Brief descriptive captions
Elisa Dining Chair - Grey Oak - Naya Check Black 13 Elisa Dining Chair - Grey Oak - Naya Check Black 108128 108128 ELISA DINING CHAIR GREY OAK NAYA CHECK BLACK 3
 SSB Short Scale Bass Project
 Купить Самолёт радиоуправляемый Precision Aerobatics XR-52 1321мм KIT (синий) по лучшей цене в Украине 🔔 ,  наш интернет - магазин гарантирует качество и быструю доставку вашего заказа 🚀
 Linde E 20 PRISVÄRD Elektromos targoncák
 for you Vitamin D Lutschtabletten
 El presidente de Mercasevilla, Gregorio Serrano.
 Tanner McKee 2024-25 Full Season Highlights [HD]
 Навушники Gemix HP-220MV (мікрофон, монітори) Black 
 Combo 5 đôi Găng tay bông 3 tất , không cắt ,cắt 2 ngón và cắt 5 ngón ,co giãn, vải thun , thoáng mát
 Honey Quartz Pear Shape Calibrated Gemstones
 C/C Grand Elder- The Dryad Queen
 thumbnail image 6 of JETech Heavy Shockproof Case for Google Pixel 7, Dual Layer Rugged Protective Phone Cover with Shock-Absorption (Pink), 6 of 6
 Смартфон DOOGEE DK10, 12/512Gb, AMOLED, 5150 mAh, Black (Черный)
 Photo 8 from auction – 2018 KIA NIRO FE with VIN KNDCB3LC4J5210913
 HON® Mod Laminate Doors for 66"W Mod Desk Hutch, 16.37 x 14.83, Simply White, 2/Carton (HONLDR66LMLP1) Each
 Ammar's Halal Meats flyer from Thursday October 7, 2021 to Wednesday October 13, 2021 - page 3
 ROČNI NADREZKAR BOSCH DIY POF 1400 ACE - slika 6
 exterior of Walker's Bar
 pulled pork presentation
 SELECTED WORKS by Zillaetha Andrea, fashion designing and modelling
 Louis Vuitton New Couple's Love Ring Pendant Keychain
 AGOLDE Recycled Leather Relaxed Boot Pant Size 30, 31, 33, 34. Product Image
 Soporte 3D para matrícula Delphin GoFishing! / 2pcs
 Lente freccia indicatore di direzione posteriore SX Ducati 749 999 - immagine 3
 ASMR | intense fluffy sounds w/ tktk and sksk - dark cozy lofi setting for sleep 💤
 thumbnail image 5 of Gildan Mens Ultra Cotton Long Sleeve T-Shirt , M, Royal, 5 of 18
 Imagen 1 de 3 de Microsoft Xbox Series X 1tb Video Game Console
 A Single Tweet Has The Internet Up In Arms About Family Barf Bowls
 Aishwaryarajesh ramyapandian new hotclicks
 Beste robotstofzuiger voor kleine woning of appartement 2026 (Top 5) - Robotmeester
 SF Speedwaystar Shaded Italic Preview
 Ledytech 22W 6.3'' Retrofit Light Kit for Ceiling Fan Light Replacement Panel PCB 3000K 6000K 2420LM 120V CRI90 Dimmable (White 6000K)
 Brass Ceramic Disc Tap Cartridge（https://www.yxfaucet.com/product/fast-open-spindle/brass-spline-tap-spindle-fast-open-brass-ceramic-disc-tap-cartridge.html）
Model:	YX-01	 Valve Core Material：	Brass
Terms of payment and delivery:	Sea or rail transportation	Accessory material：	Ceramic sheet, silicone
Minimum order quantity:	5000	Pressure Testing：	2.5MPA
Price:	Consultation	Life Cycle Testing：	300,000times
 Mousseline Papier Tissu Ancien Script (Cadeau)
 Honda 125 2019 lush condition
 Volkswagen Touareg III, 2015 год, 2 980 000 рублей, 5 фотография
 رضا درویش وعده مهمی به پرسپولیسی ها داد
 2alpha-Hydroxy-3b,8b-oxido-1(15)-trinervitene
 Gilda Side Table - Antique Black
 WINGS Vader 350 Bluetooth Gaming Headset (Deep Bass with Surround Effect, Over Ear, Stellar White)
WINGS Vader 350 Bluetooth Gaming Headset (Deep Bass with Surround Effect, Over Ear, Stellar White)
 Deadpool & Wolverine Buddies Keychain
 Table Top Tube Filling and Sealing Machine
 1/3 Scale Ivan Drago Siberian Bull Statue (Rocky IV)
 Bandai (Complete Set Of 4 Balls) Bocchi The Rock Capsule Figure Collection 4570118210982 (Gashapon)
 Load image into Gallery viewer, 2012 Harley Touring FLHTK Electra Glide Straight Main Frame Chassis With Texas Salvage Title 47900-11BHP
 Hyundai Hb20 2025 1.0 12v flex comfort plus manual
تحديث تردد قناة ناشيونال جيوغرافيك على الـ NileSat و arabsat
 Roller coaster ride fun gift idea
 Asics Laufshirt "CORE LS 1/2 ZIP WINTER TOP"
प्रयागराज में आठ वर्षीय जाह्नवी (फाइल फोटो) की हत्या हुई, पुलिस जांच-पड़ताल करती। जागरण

Directions for this task →
Begin at the top of the records above and quote each line exactly, ending with the line that contains "Soporte 3D para".

Result below →
Elisa Dining Chair - Grey Oak - Naya Check Black 13 Elisa Dining Chair - Grey Oak - Naya Check Black 108128 108128 ELISA DINING CHAIR GREY OAK NAYA CHECK BLACK 3
 SSB Short Scale Bass Project
 Купить Самолёт радиоуправляемый Precision Aerobatics XR-52 1321мм KIT (синий) по лучшей цене в Украине 🔔 ,  наш интернет - магазин гарантирует качество и быструю доставку вашего заказа 🚀
 Linde E 20 PRISVÄRD Elektromos targoncák
 for you Vitamin D Lutschtabletten
 El presidente de Mercasevilla, Gregorio Serrano.
 Tanner McKee 2024-25 Full Season Highlights [HD]
 Навушники Gemix HP-220MV (мікрофон, монітори) Black 
 Combo 5 đôi Găng tay bông 3 tất , không cắt ,cắt 2 ngón và cắt 5 ngón ,co giãn, vải thun , thoáng mát
 Honey Quartz Pear Shape Calibrated Gemstones
 C/C Grand Elder- The Dryad Queen
 thumbnail image 6 of JETech Heavy Shockproof Case for Google Pixel 7, Dual Layer Rugged Protective Phone Cover with Shock-Absorption (Pink), 6 of 6
 Смартфон DOOGEE DK10, 12/512Gb, AMOLED, 5150 mAh, Black (Черный)
 Photo 8 from auction – 2018 KIA NIRO FE with VIN KNDCB3LC4J5210913
 HON® Mod Laminate Doors for 66"W Mod Desk Hutch, 16.37 x 14.83, Simply White, 2/Carton (HONLDR66LMLP1) Each
 Ammar's Halal Meats flyer from Thursday October 7, 2021 to Wednesday October 13, 2021 - page 3
 ROČNI NADREZKAR BOSCH DIY POF 1400 ACE - slika 6
 exterior of Walker's Bar
 pulled pork presentation
 SELECTED WORKS by Zillaetha Andrea, fashion designing and modelling
 Louis Vuitton New Couple's Love Ring Pendant Keychain
 AGOLDE Recycled Leather Relaxed Boot Pant Size 30, 31, 33, 34. Product Image
 Soporte 3D para matrícula Delphin GoFishing! / 2pcs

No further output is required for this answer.